┌─ Information given
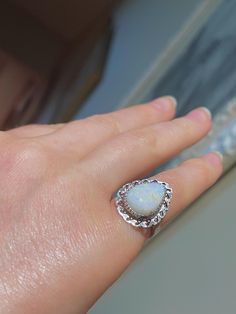 this is very rare fabulous Native American Navajo ring! it is authentic vintage ring in original condition - fabulous condition with only patina to sterling silver. can be polished. the opal displays few natural inclusions of other minerals - see photo. the opal is solid and not doublet and not triplet; it has no cracks and no crazing. intreated rare amazing Nevada opal/Virgin Valley NV I recently acquired a collection of authentic antique/vintage Native American rings with Virgin Valley opal - please find them in my shop and get one - they are very rare , once they gone - they gone.  comes in a ring case and can be gifted immediately!  please also see photos for a description! how beautiful it is!!  fab rare item! please see video in direct indoor light on the granite countertop for color Handmade Southwestern Opal Ring, Heirloom White Opal Ring, Silver Ethiopian Opal Ring With Cabochon, Bohemian Sterling Silver Opal Promise Ring, White Opal Open Ring, Bohemian Opal Promise Ring, Bohemian Opal Promise Ring As Birthstone, Bohemian Opal Birthstone Promise Ring, Bohemian Opal Promise Ring With Birthstone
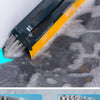 A close-up view of a black and yellow 2-in-1 floor scrub brush with bristles and a squeegee being used on a dark, wet floor s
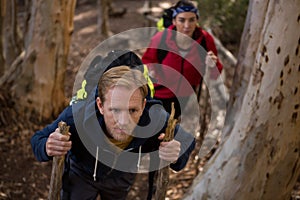 Hiker couple treading in forest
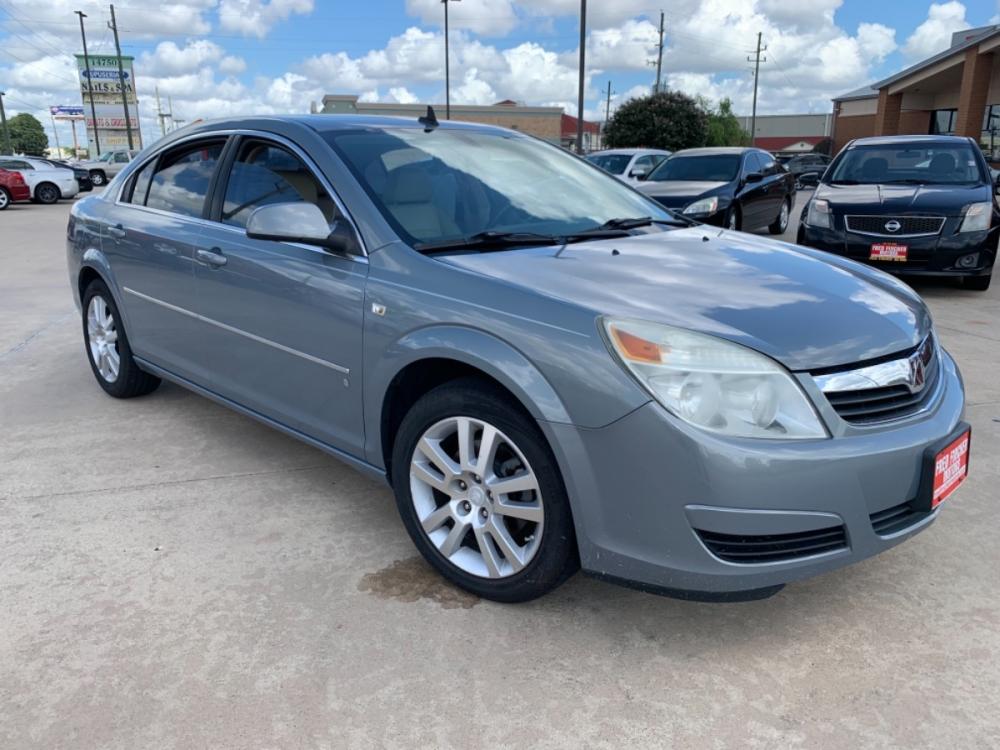 2007 green /gray Saturn Aura XE (1G8ZS57N37F) with an 3.5L V6 12V OHV engine, 4-Speed Automatic Overdrive transmission, located at 14700 Tomball Parkway 249, Houston, TX, 77086, (281) 444-2200, 29.928619, -95.504074 - Photo #0
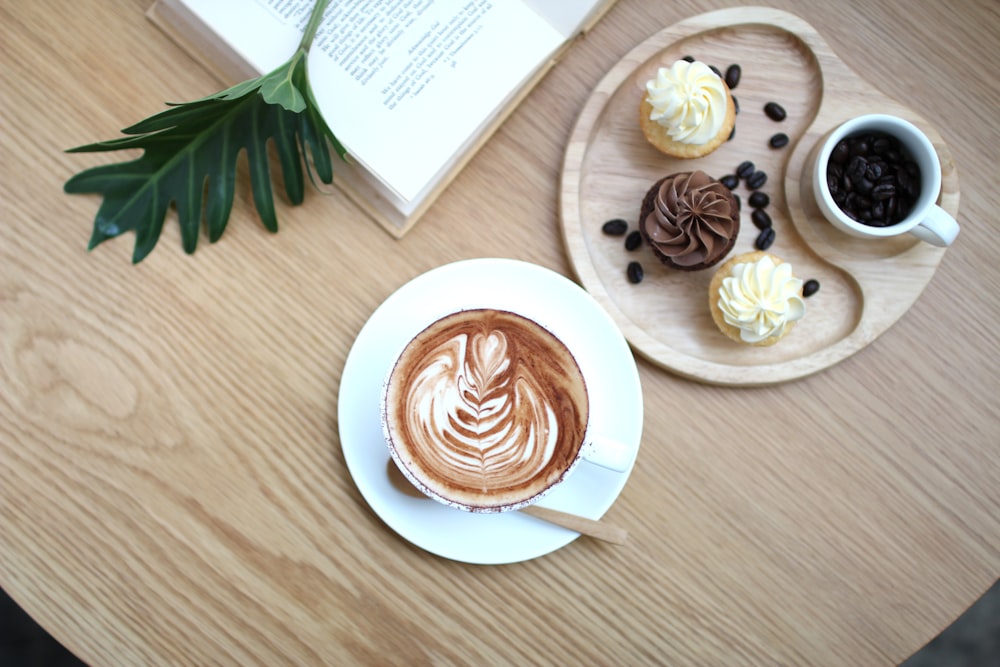 flat lay photography of cup and cupcakes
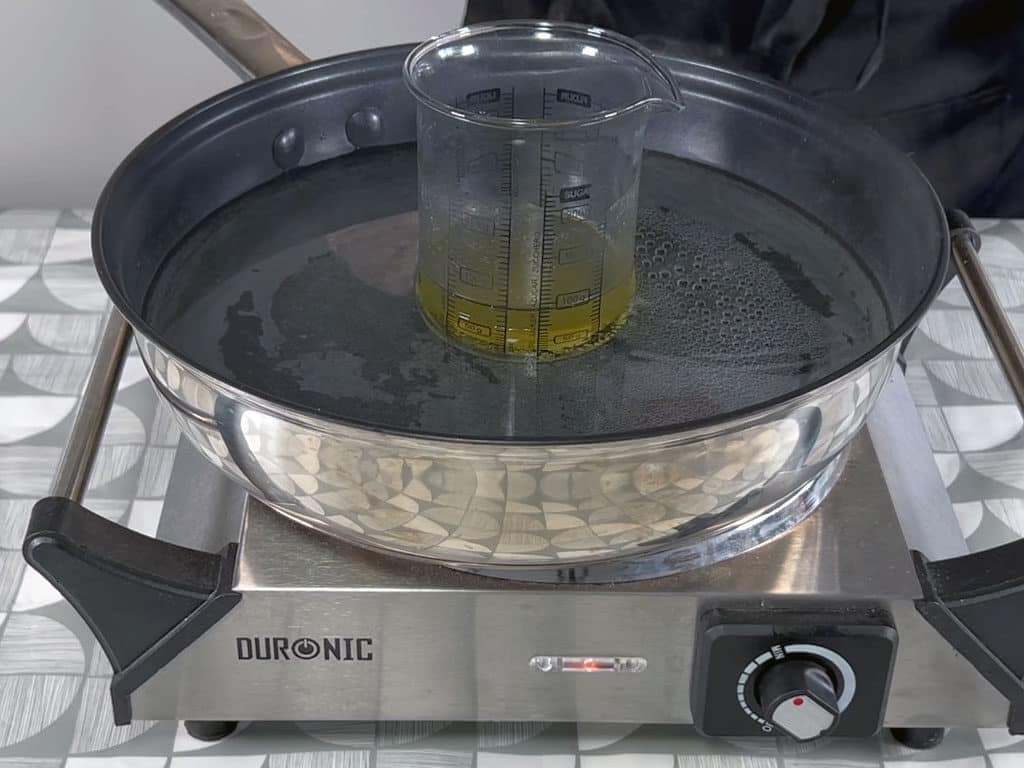 Create a water bath by filling a shallow saucepan with a couple of inches of water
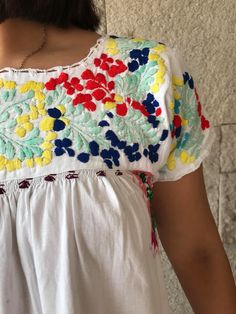 "Elegant dress and colourful hand-embroidery. Perfect for mexican wedddings, mexican parties, etc. Made in the 80's Loose fit In perfect conditions. Fits size Small Measurements taken flat: Armpit to armpit 20 1/2\" Bottom hem width 29 1/2\" Shoulder to bottom hem 49\"" Summer Bohemian Embroidered Dress With Floral Print, Bohemian Multicolor Embroidered Summer Dress, Summer Embroidered Dress With Yoke, Summer Embroidered Dress With Yoke Detail, Summer Dresses With Geometric Embroidery And Short Sleeves, Summer Bohemian Multicolor Embroidered Dress, Short Sleeve Dresses With Geometric Embroidery For Summer, Short Sleeve Embroidered Floral Dress For Vacation, Summer Folk Style Embroidered Dress With Floral Print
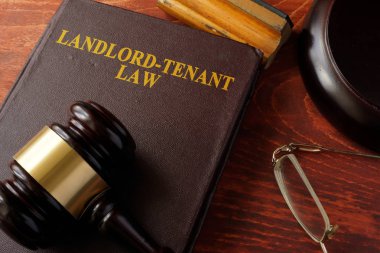 Book with title Landlord-Tenant Law and a gavel. clipart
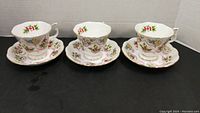 Three Royal Albert bone china cups with Canadian emblem and floral decoration alongside matching saucers, arranged on flat surface.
└─
— Brief —
Could you restate every record above word for word, dropping the pictures?

— Response for this exercise —
 this is very rare fabulous Native American Navajo ring! it is authentic vintage ring in original condition - fabulous condition with only patina to sterling silver. can be polished. the opal displays few natural inclusions of other minerals - see photo. the opal is solid and not doublet and not triplet; it has no cracks and no crazing. intreated rare amazing Nevada opal/Virgin Valley NV I recently acquired a collection of authentic antique/vintage Native American rings with Virgin Valley opal - please find them in my shop and get one - they are very rare , once they gone - they gone.  comes in a ring case and can be gifted immediately!  please also see photos for a description! how beautiful it is!!  fab rare item! please see video in direct indoor light on the granite countertop for color Handmade Southwestern Opal Ring, Heirloom White Opal Ring, Silver Ethiopian Opal Ring With Cabochon, Bohemian Sterling Silver Opal Promise Ring, White Opal Open Ring, Bohemian Opal Promise Ring, Bohemian Opal Promise Ring As Birthstone, Bohemian Opal Birthstone Promise Ring, Bohemian Opal Promise Ring With Birthstone
 A close-up view of a black and yellow 2-in-1 floor scrub brush with bristles and a squeegee being used on a dark, wet floor s
 Hiker couple treading in forest
 2007 green /gray Saturn Aura XE (1G8ZS57N37F) with an 3.5L V6 12V OHV engine, 4-Speed Automatic Overdrive transmission, located at 14700 Tomball Parkway 249, Houston, TX, 77086, (281) 444-2200, 29.928619, -95.504074 - Photo #0
 flat lay photography of cup and cupcakes
 Create a water bath by filling a shallow saucepan with a couple of inches of water
 "Elegant dress and colourful hand-embroidery. Perfect for mexican wedddings, mexican parties, etc. Made in the 80's Loose fit In perfect conditions. Fits size Small Measurements taken flat: Armpit to armpit 20 1/2\" Bottom hem width 29 1/2\" Shoulder to bottom hem 49\"" Summer Bohemian Embroidered Dress With Floral Print, Bohemian Multicolor Embroidered Summer Dress, Summer Embroidered Dress With Yoke, Summer Embroidered Dress With Yoke Detail, Summer Dresses With Geometric Embroidery And Short Sleeves, Summer Bohemian Multicolor Embroidered Dress, Short Sleeve Dresses With Geometric Embroidery For Summer, Short Sleeve Embroidered Floral Dress For Vacation, Summer Folk Style Embroidered Dress With Floral Print
 Book with title Landlord-Tenant Law and a gavel. clipart
 Three Royal Albert bone china cups with Canadian emblem and floral decoration alongside matching saucers, arranged on flat surface.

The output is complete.